フィノバレーのデジタル地域通貨プラットフォーム「MoneyEasy」
フィノバレーのデジタル地域通貨プラットフォーム「MoneyEasy」

   フィノバレーによると、地方自治体のあいだではキャッシュレス決済の中でもデジタル地域通貨が、地元経済の活性化施策に活用しやすい特長を持つことから、ウィズコロナの地域経済の活性化策として需要が高まっている。

   新型コロナウイルスの感染拡大で、飲食店のテイクアウトやデリバリーを支援しようと、自治体の中には補助金を組み込んだ磁気カードを地域通貨として推進する動きがみられた。コロナ禍の収束がみえず長期化するなか、「新しい生活様式」による非接触やキャッシュレスの利便性を求める動きが深化。地銀と自治体が連携してデジタル地域通貨を目指す試みも現れた。

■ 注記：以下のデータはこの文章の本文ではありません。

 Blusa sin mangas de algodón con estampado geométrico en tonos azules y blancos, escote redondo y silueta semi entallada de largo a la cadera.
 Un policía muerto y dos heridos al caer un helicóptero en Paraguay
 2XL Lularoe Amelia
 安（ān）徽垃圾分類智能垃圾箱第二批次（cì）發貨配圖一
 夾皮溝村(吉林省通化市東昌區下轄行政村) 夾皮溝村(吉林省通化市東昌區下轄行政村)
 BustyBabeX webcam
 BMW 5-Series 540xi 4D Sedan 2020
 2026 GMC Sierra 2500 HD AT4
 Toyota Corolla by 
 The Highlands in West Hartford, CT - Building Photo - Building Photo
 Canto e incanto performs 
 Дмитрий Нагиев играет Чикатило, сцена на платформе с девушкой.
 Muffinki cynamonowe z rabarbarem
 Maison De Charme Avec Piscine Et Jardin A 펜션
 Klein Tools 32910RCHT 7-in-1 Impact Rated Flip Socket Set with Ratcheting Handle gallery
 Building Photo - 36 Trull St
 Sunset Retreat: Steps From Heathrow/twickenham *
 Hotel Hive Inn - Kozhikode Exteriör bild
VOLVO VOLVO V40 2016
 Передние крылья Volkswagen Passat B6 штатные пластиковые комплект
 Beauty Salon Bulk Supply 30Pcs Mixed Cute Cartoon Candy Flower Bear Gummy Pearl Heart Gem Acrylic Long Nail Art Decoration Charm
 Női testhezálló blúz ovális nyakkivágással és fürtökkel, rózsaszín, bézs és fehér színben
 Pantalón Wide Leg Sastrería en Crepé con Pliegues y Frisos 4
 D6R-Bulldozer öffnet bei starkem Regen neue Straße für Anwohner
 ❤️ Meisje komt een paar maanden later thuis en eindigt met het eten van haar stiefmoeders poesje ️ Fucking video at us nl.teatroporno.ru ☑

   「MoneyEasy」を使ったデジタル地域通貨はすでに、岐阜県飛騨高山地域の「さるぼぼコイン」や、千葉県木更津市の「アクアコイン」があり、行政との連携やデジタルトランスフォーメ―ション(DX)支援で実績を挙げ、単なる決済手段の合理化にとどまらず地域活性化のソリューションとして成果を結んでいる。

   南島原市のプロジェクトでは、行政ポイントの受け皿としての活用や、地域の情報インフラ、行政システムのデジタル化ツールとしての活用も視野に入れ、デジタル地域通貨サービスを通じて同市の活性化施策を探る予定。納税などでも使えるようになるという。